Leave the pictures out. Retype exactly the lines below from the one containing "Ev Bluetooth Duvar" through the one containing "Altaj traktor z przyczepą Nr 1", and no others.

### Data in this exercise
----

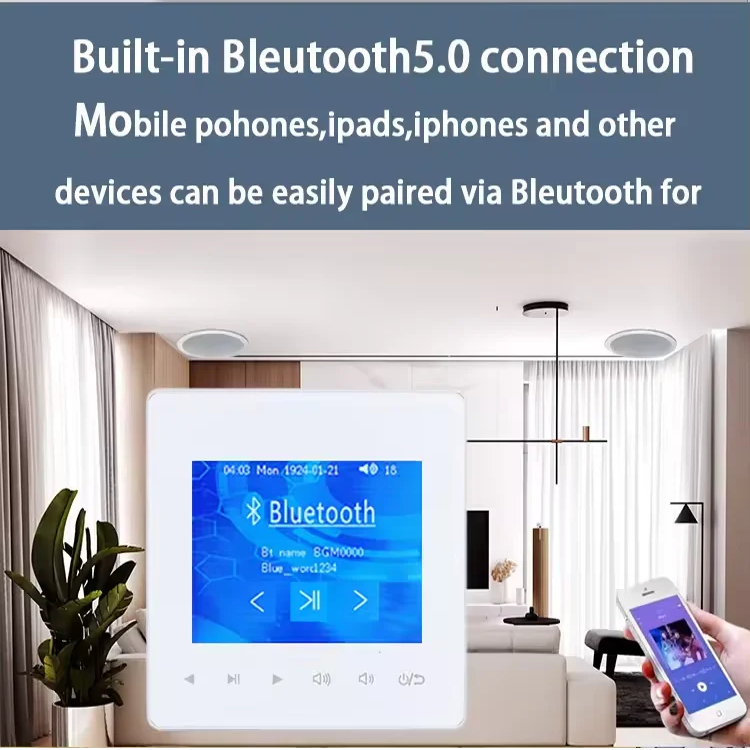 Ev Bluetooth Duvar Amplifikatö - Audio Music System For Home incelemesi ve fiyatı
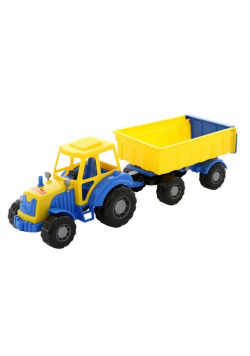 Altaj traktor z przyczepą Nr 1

----

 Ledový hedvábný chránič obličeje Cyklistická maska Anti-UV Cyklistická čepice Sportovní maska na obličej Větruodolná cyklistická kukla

----

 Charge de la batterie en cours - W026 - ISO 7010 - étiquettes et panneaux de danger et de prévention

----

### Answer
 Ev Bluetooth Duvar Amplifikatö - Audio Music System For Home incelemesi ve fiyatı
 Altaj traktor z przyczepą Nr 1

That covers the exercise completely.